Sir Dabber imprinted a kiss upon Bevan’s dingy forehead and struggled to rise. The tremendous gravity of what had been told, the shock of seeing his son without the splayed and stiff limbs, nor rocking back and forth, nor cawing like a rook — every aspect of the few preceding moments had weighed so heavily down upon him that he could hardly return himself to his feet. I rose quickly to take his arm when it appeared likely that he might topple over or faint away.

“Rest assured: we won’t betray your trust,” said I to Bevan, who remained upon the cot. Yet I dissembled. I had to tell Sheriff Muntle, and now all of the members of the delving Poetry League. They had every right and reason to know. These were important pieces for the mosaic they were putting together. But the young man must not be troubled on this account.

So I dissembled.

“You fear for the well-being of this young woman?” asked Sir Dabber of his son.

Bevan nodded. “Frightfully so.”

“Is it because you love her?”

Bevan smiled. “She has resurrected me.”

Now Bevan paused. “And she is beautiful.”

And finally, Bevan blushed.

I had now received the answer to at least one nagging question from that pivotal week: to whom had Ruth Wolf given her heart?
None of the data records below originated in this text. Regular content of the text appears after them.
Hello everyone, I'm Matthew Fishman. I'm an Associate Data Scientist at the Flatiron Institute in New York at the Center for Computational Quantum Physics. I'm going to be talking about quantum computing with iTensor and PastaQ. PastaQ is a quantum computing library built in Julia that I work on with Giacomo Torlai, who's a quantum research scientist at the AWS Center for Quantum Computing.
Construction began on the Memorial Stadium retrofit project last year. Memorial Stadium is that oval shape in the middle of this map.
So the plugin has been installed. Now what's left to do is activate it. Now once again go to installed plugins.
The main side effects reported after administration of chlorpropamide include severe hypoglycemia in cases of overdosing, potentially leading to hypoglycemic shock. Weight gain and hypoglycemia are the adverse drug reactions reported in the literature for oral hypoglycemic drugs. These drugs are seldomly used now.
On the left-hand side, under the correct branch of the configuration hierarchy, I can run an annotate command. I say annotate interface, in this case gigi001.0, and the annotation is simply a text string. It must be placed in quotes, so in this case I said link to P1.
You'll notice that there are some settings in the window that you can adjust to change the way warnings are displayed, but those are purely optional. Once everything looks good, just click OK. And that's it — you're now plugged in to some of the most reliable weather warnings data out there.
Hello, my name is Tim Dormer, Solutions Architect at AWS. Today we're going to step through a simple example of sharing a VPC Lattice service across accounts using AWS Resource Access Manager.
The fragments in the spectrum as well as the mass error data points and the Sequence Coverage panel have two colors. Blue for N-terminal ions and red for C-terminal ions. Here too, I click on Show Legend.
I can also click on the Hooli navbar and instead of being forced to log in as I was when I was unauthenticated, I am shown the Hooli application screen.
And there he sat — a boy, several years younger than herself, fully dependent upon her, literally resurrected by her. Had she healed him because she loved him first, or did she come to love the man he became under her cure? These speculations made me feel guilty, intrusive. I backed away from them. I vowed to release Ruth Wolf from my heart to pursue this path she had wisely or unwisely chosen for herself. Indeed there was love here that no one had a right to judge or define — least of all Frederick Trimmers, for whom love in the abstract remained elusive and capricious.

“When may I come to see you again?” asked Sir Dabber of his son. “On the next visiting Sunday?”
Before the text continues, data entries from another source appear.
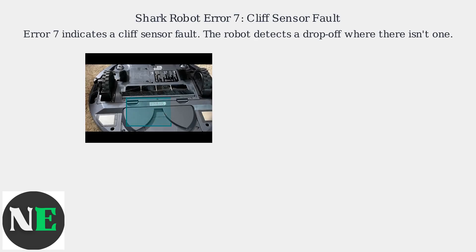Shark Robot Error 7 indicates a cliff sensor fault. The robot's sensors on the underside detect drop-offs like stairs, but can mistake normal surfaces for cliffs.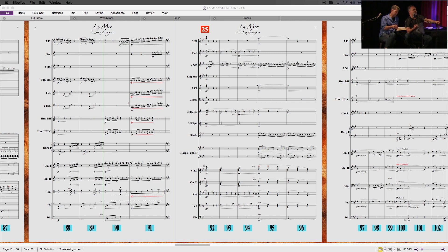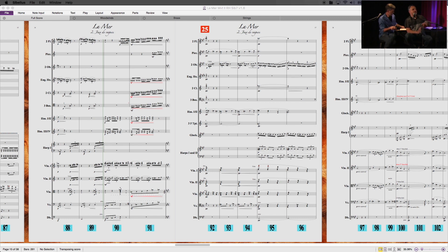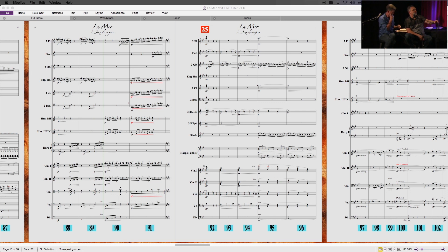Beautiful texture. Imagine if both those instruments were playing either one rhythm or the other rhythm — that's an example of how WC takes this idea and just blurs it a little bit, like he was in Photoshop and hit the blur tool.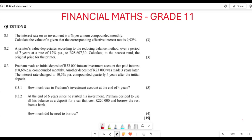Greetings fellow Grade 11s, it's Mr. Klajari here. Welcome back to Basics — we are still looking at financial maths. We are doing an Eastern Cape exam paper, I think this is going to be the year 2022. Now they are saying the interest rate on an investment is x, and it is compounded monthly.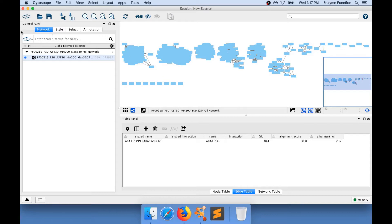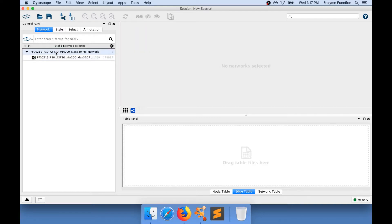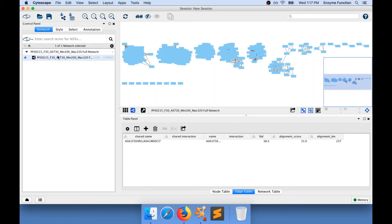In Cytoscape, you also have the control panel. By default, you are in the network panel for the control panel, which allows you to select which network you are working on. Right now, I only have one network open, and this is the only one displayed.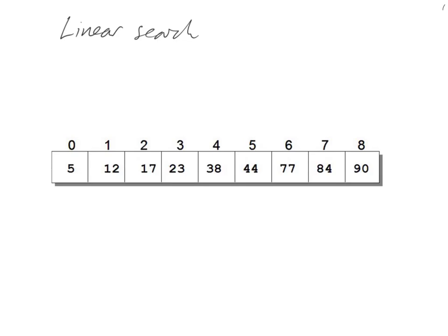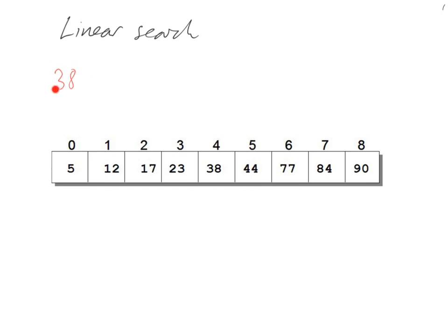A linear search basically compares what you're searching for with items in your array or list. For example, let's say we're searching for the number 38. What the linear search will do is compare what we're searching for, which is 38, with the numbers in the list and it will keep going until it finds a match.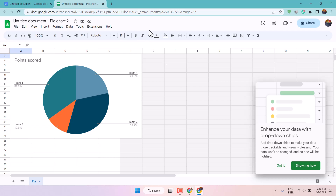Thanks for watching. This was a video to learn how to insert different types of graphs in Google Docs.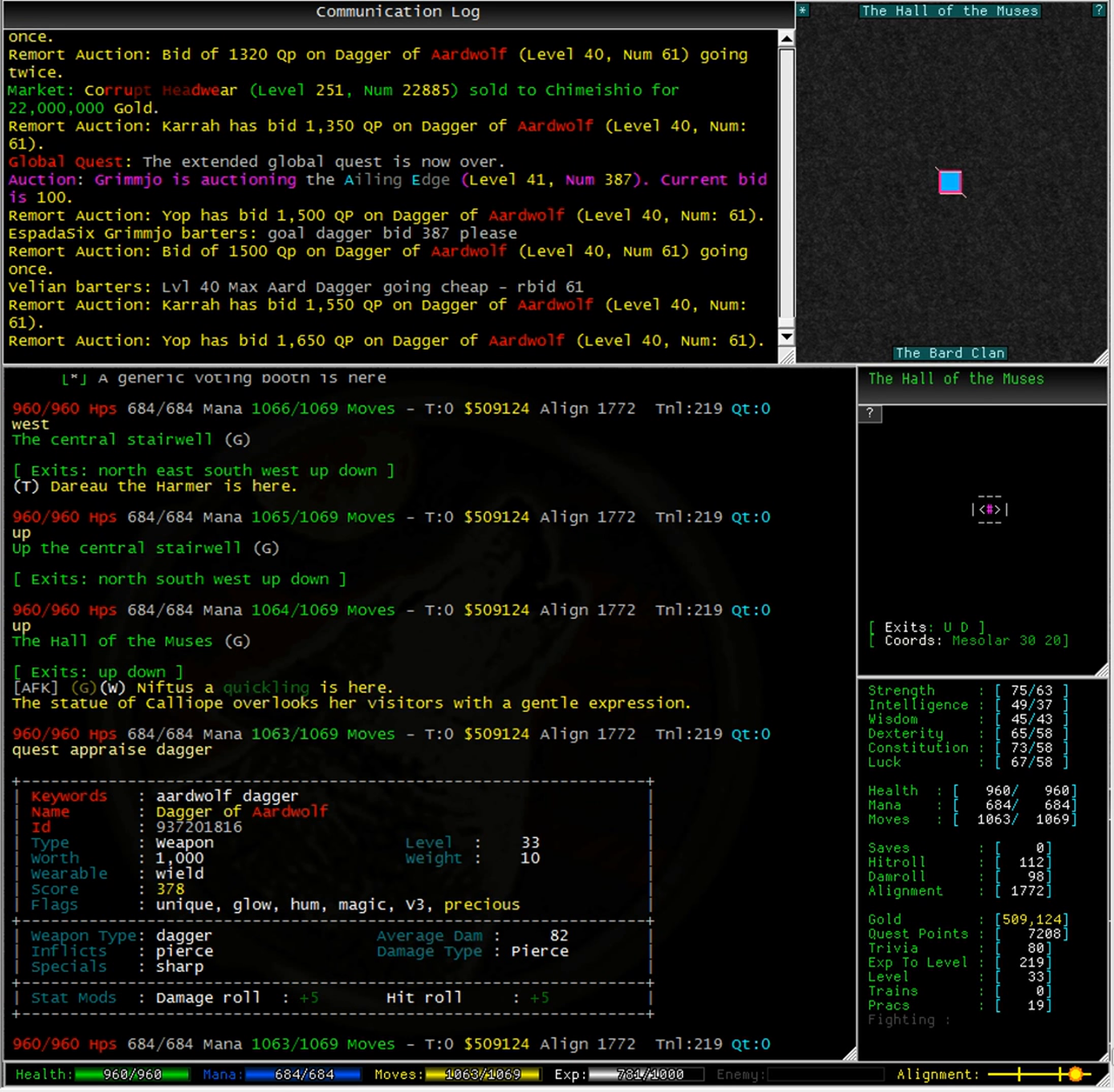Though I don't think the dagger is worth that much in quest points. So far, my bid of 1,800 quest points stands.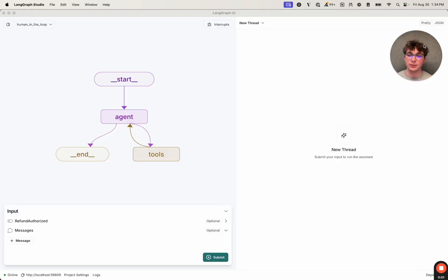What's going on, everyone? It's Brace from Langchain. And in this video, we're going to be covering human-in-the-loop as a concept, and then some APIs that LangGraph has to power human-in-the-loop applications.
“We must not raise suspicions by too frequent visits, Papa.”

“But this deplorable room — you must be removed from it at the earliest possible moment.”
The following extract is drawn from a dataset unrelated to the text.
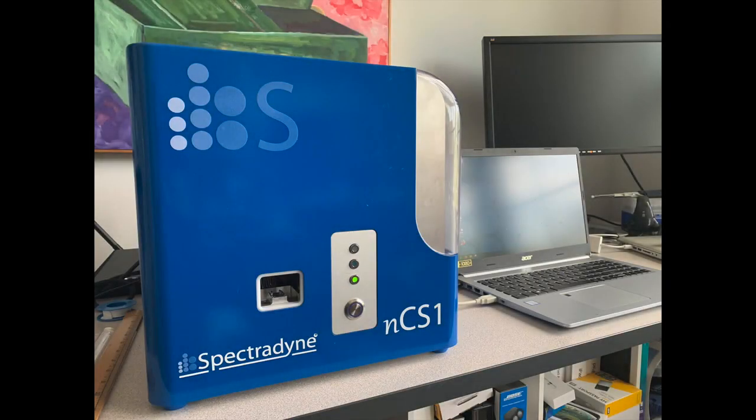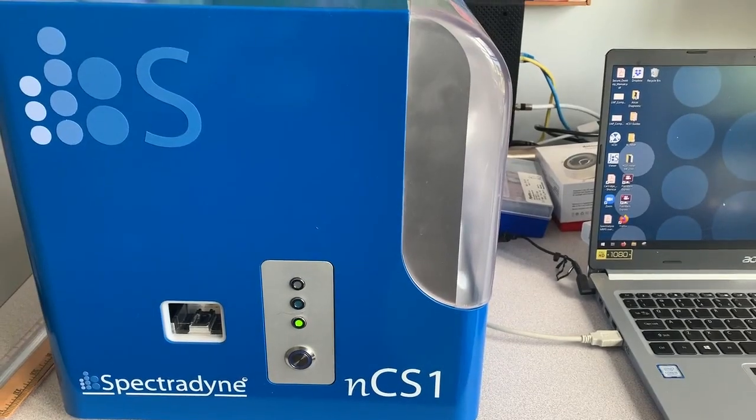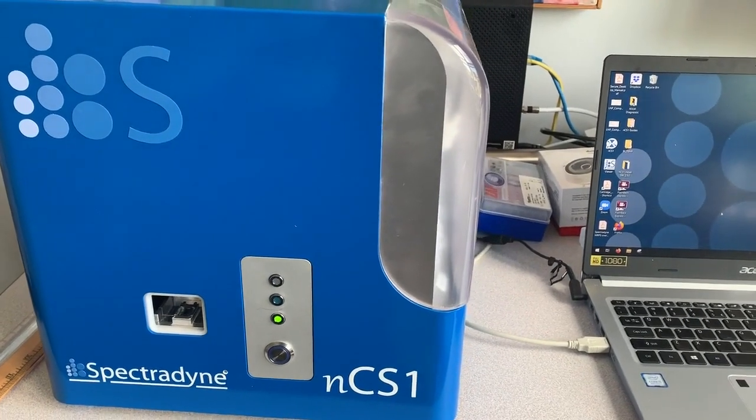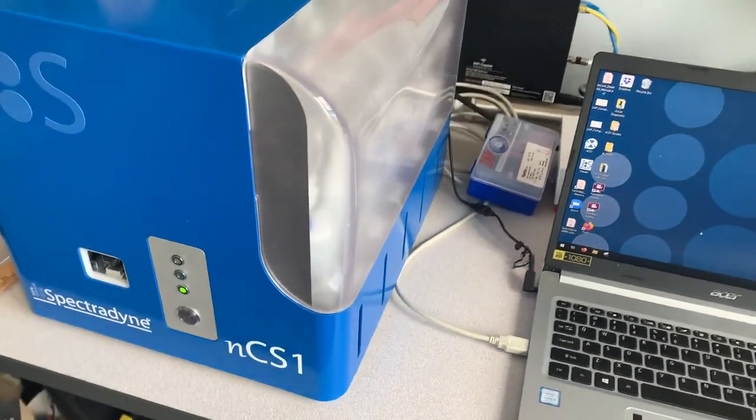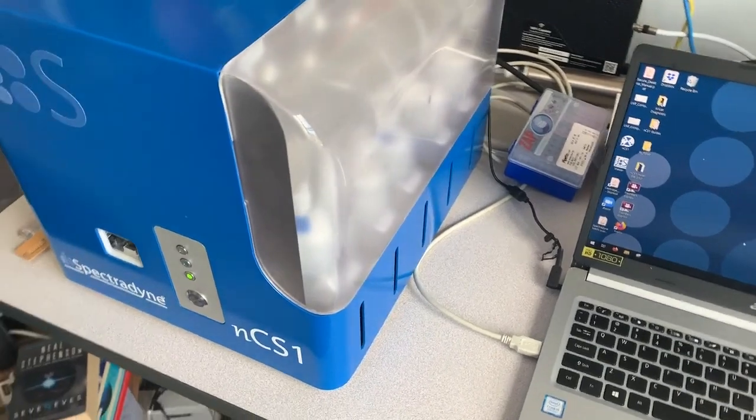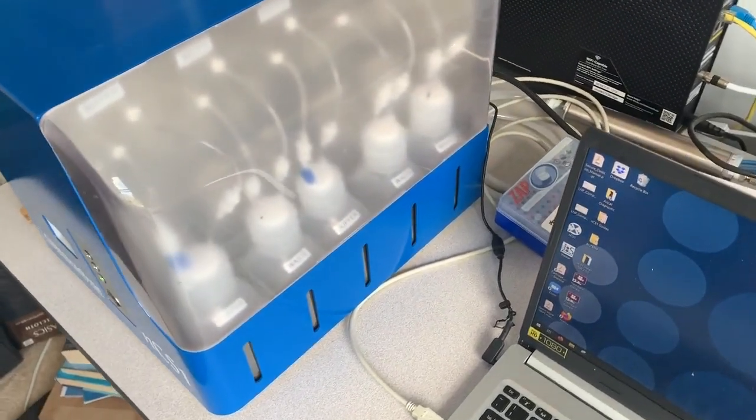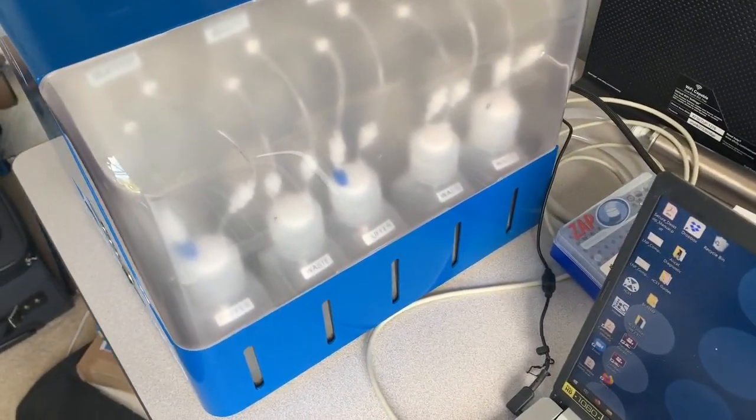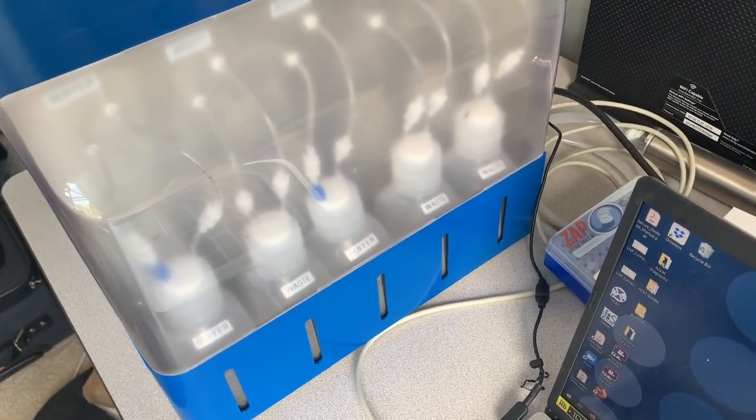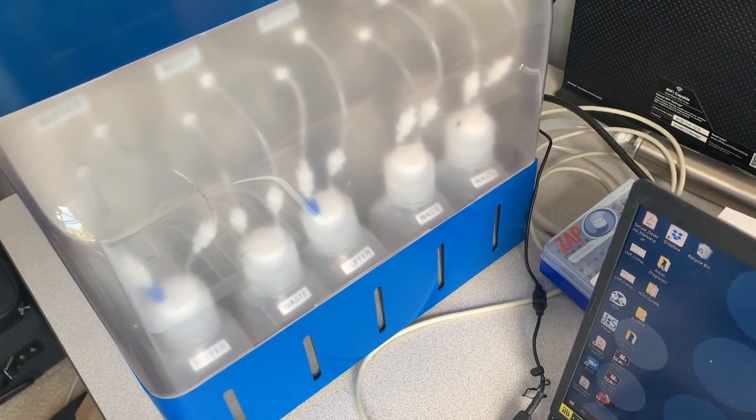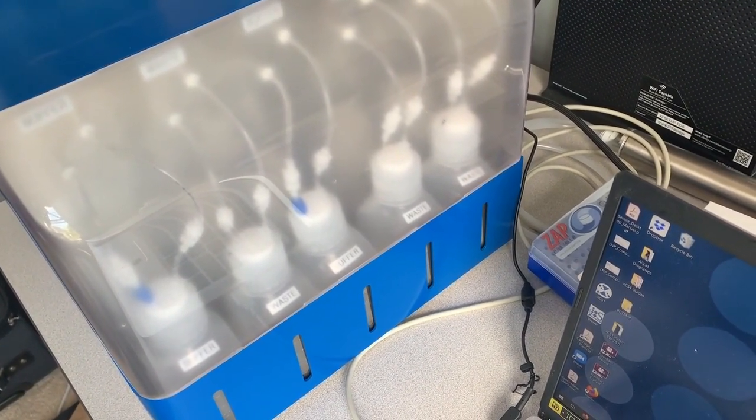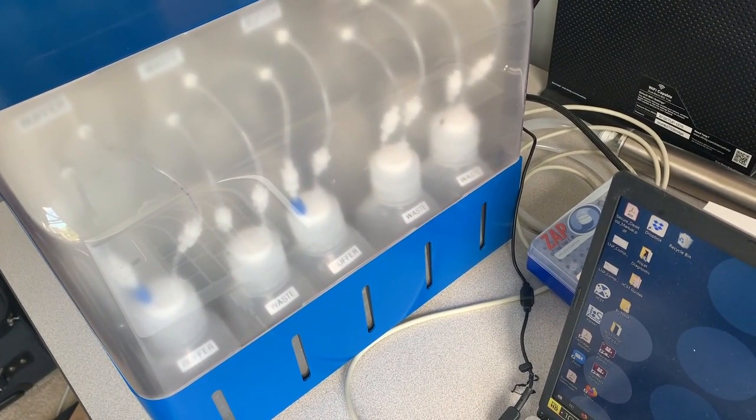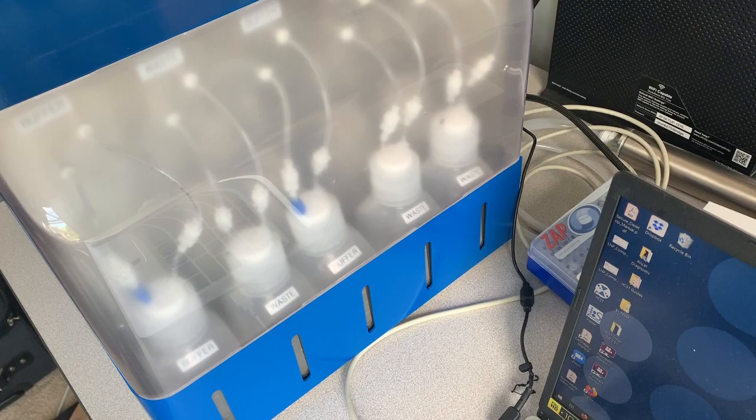As you can see, the NCS-1 unit itself is very compact. It measures just 13 inches wide by 15 inches deep by 13 inches high. The unit itself has three connections at the back. There is power, USB out to the computer itself, and there's an air input for the air input unit, which is merely bringing 15 psi into the unit itself.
“That time will soon come, Papa, for Ruth tells me that there have been other complaints about the conditions down here, and so the renovation is now moving along more quickly upstairs. But it serves me to remain in this dungeon. Down here I am seldomly observed. Here Ruth may come to see me without worry of interlopers or keyhole peepers. With each visit, my darling Ruth feels more and more at ease to tell me things. And there is so much more to tell — a world of things.”

Sir Dabber nodded. A moment later we stood before the heavy iron door, listening to the clink and click of its latch. As the door creaked open, pushed by the youthful hand of Oscar the attendant (“Turnkey” would be a more appropriate appellation), Bevan Dabber resumed his previous state. His stare became glossy and he began to rock. The hands went up to the ears. He cawed.

“He’s telling you goodbye,” chuckled Oscar. “That’s his crow-like way of saying ‘ta’! Somebody should put these boys upon a stage. It would be a true hilarity to see it — at least for those who don’t got to clean they’s stinking dovecote each and every bloody day.”

The statement drew no response from either Sir Dabber or myself. It was safest to leave Oscar’s odious opinion unchallenged.

Chapter the Thirty-first. Wednesday, July 2, 2003

his day of revelations was not done. As Oscar conducted Sir Dabber and me to the beshadowed staircase that would deliver us from this dark dungeon of human abjection and mental affliction, I stopt before the door to one of the cells, which had been left so widely open as to give a full view of its interior. Although the cell was empty, yet it captured the eye nonetheless for what had been put upon its black walls. All four had been chalked with such a riotous display of arithmetical equations that one might take it for the oddest sort of black and white wallpaper. It was as if one of the room’s former occupants had sought to use the cell’s flat black surfaces as instructional chalkboards (and even so, could not successfully fit upon them all that he wished to convey). I could not take my eyes from the patterns of mathematical chalkings and stood looking into the room through the dim and dusty light that filtered through an ivy-shaded window near the ceiling.